If these conditions are not met, the clause is void. An increase that has been formally communicated correctly (official form, justification) but is based on a void clause must still be contested within the specified period in order to become invalid.

 

 

The national index (CPI)

The national consumer price index (CPI) is Switzerland's official instrument for measuring inflation. It is calculated and published monthly by the Federal Statistical Office (FSO). The CPI is based on a so-called basket of goods, which contains a representative selection of goods and services consumed by private households in Switzerland. These include expenditure on food, housing, energy, transport, health, leisure and much more.

 

The development of the CPI is expressed as an index figure. A specific point in time (month/year) is set as the base period and its index level is set at 100 points. If the index rises to 105 points, for example, this means inflation of 5% compared with the base period. The FSO publishes the CPI on various bases (e.g. December 2020 = 100, December 2015 = 100, etc.). When calculating rent adjustments, it is crucial that the same index base is used for both the base index (at the time the contract was concluded or the last adjustment was made) and the new index value.
 

The following table shows the development of the CPI on the current basis of December 2020 = 100 for the last months up to the most recent available status (March 2025 and basis December 2020 = 100):

Month/YearCPI Value

Jan. 2024

106.4

Feb. 2024

107.1

March 2024

107.1

Apr. 2024

107.4

Mai 2024

107.7

June 2024

107.7

July 2024

107.5

Aug. 2024

107.5

Sept. 2024

107.2

Oct. 2024

107.1

Nov. 2024

106.9

Dec. 2024

106.9

Jan. 2025

106.8

Feb. 2025

107.4

March 2025

107.5

 

The exact definition of the base index in the rental agreement – i.e. the specific CPI value (e.g. 101.5 points as of December 2021 based on December 2020 = 100) and its base period (December 2020 = 100) – is of crucial importance. This value specified in the agreement serves as an unchangeable starting point for all future rent adjustment calculations. Inaccuracies in this specification can lead to disputes later on, as the entire development of the rent depends on it.

 

 

Calculation of the rent adjustment: practical example

The calculation of a rent adjustment based on an index clause follows a clear formula. Let's assume that a commercial lease was concluded with a monthly net rent of CHF 5,000. The index clause refers to the CPI with a base value of December 2020 = 100. The relevant index level at the time the last rent was set (base index) was the level in March 2024, which was 107.1 points. The landlord now wants to adjust the rent based on the index level of March 2025 (new index), which is 107.5 points.

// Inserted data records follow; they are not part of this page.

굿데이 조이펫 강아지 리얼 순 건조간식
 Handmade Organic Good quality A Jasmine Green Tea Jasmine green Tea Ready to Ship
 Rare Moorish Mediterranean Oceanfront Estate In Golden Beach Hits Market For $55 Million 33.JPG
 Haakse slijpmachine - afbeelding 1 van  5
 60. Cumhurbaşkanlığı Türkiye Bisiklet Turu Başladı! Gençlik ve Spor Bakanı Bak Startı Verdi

The calculation is done in two steps:
 

  1. Calculation of the percentage change in the index: The formula is: ((New index − Base index) / Base index) × 100. Substitute the values: ((107.5 − 107.1) / 107.1) × 100 = (0.4/107.1) × 100 = 0.3735% 

  2. Calculate the new rent: The formula is: New rent = Previous rent × (New index/Base index). Insert the values: New rent = CHF 5,000 × (107.5/107.1) = CHF 5,018.67
     

The new monthly net rent would therefore be CHF 5,018.67. The increase amounts to CHF 18.67 per month.

 

Although the calculation is mathematically simple, the devil is often in the details. It is crucial to use the correct index values (same base period, correct month) and to correctly identify the base index specified in the contract or in the last adjustment. Errors here can invalidate the entire adjustment. The timing is also important: the landlord may only announce the increase after the new index level has been officially published by the FSO. Retroactive claims for missed increases are excluded; the adjustment only applies for the future. Careful documentation and observance of the FSO publication dates are therefore essential for landlords.
 

 

Formal requirements: Agreement and notification

Agreement in the contract: The index clause must be in writing and specify the CPI and the exact base index (value, level, base period).
 

Notification of the adjustment: Any adjustment must be made using an officially approved form. The form must contain the old and new rent, the date of entry into force, a clear justification (index clause, base and new index) and a reference to the possibilities of appeal (Art. 19 para. 1 VMWG). The notification must be sent at least 30 days before the effective date at the end of a month and may only be sent after the new CPI has been published. Formal errors will render the adjustment null and void.

 

 

Advantages and disadvantages for commercial properties

Advantages for landlords:

  • Inflation protection.

  • Objective basis for adjustment (CPI).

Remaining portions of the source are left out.